BEGIN GIVEN RECORDS

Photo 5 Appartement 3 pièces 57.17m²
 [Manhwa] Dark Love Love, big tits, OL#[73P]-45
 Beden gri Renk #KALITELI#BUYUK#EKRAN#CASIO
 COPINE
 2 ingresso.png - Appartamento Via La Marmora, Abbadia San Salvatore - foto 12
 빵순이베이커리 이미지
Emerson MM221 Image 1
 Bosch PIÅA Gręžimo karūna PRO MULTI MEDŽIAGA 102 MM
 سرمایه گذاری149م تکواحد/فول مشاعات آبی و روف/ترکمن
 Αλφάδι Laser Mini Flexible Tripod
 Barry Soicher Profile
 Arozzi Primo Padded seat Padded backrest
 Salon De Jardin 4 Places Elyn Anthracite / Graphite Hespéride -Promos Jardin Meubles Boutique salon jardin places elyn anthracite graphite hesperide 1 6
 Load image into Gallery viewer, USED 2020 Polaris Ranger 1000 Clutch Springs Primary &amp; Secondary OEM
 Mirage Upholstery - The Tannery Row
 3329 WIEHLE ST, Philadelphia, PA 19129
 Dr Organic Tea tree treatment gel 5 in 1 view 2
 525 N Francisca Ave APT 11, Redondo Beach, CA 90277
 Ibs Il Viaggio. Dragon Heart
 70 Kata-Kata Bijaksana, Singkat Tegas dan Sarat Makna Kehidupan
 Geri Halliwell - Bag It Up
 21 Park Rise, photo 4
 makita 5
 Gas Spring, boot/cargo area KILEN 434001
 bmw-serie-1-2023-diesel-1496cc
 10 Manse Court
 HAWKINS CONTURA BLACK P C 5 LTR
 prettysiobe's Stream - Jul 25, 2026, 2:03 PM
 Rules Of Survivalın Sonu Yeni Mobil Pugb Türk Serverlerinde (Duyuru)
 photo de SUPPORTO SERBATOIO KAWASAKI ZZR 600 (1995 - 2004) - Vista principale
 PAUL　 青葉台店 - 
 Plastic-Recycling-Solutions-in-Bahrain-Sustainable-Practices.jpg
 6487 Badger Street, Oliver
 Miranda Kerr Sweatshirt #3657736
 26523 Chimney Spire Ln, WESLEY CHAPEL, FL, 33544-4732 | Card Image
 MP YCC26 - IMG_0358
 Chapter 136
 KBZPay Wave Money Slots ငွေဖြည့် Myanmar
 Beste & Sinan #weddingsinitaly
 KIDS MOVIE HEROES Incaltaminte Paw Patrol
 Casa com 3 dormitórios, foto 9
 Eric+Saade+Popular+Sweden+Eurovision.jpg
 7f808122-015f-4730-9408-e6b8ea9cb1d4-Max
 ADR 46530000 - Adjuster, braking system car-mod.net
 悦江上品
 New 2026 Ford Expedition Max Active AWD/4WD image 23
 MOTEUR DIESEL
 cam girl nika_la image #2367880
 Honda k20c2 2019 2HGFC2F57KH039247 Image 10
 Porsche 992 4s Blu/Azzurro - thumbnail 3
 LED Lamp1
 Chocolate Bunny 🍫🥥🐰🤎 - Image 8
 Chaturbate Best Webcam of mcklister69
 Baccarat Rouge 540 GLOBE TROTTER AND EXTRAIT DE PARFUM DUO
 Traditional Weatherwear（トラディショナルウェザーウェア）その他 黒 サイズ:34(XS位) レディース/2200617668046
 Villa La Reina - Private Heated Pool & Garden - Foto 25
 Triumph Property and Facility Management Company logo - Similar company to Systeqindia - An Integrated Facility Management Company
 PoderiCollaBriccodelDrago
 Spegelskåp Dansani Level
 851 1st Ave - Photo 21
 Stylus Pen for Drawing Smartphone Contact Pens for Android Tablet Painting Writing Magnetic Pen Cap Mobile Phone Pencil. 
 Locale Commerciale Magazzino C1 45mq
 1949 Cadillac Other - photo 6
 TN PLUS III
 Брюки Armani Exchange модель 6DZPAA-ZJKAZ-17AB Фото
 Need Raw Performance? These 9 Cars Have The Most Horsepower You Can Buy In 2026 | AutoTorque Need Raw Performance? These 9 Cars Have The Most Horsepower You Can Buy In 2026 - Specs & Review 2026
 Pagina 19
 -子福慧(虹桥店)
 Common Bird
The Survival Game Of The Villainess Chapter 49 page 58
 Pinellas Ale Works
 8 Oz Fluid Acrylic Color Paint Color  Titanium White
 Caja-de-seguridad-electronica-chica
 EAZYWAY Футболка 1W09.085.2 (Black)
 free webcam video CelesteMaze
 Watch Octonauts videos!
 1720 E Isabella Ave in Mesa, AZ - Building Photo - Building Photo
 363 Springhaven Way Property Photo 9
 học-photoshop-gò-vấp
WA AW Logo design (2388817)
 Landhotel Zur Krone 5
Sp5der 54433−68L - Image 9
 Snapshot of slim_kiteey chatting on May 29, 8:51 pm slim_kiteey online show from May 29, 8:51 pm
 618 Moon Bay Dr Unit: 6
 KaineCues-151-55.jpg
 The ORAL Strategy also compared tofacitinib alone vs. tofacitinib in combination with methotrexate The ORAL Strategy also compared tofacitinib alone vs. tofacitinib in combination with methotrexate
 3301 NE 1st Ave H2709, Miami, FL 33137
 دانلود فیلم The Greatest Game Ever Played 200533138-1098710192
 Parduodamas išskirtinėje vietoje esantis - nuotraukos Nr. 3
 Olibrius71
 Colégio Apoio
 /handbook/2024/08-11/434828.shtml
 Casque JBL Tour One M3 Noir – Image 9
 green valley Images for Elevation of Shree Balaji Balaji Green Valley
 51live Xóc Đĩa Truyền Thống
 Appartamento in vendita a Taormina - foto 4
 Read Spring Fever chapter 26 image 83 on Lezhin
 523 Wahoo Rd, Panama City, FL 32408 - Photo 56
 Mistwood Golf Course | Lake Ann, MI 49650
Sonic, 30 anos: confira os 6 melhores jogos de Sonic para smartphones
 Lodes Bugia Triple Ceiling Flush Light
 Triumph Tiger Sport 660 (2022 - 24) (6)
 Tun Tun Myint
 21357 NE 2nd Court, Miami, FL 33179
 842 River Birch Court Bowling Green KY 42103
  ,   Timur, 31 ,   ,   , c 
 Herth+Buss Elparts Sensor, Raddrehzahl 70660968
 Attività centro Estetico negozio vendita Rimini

END GIVEN RECORDS

▸ **EXERCISE**: Looking back over the data above, restate word for word the lines that begin at the line with "Pinellas Ale Works" and end at the line with "1720 E Isabella", inclusive.

▸ **SOLUTION BELOW**:
 Pinellas Ale Works
 8 Oz Fluid Acrylic Color Paint Color  Titanium White
 Caja-de-seguridad-electronica-chica
 EAZYWAY Футболка 1W09.085.2 (Black)
 free webcam video CelesteMaze
 Watch Octonauts videos!
 1720 E Isabella Ave in Mesa, AZ - Building Photo - Building Photo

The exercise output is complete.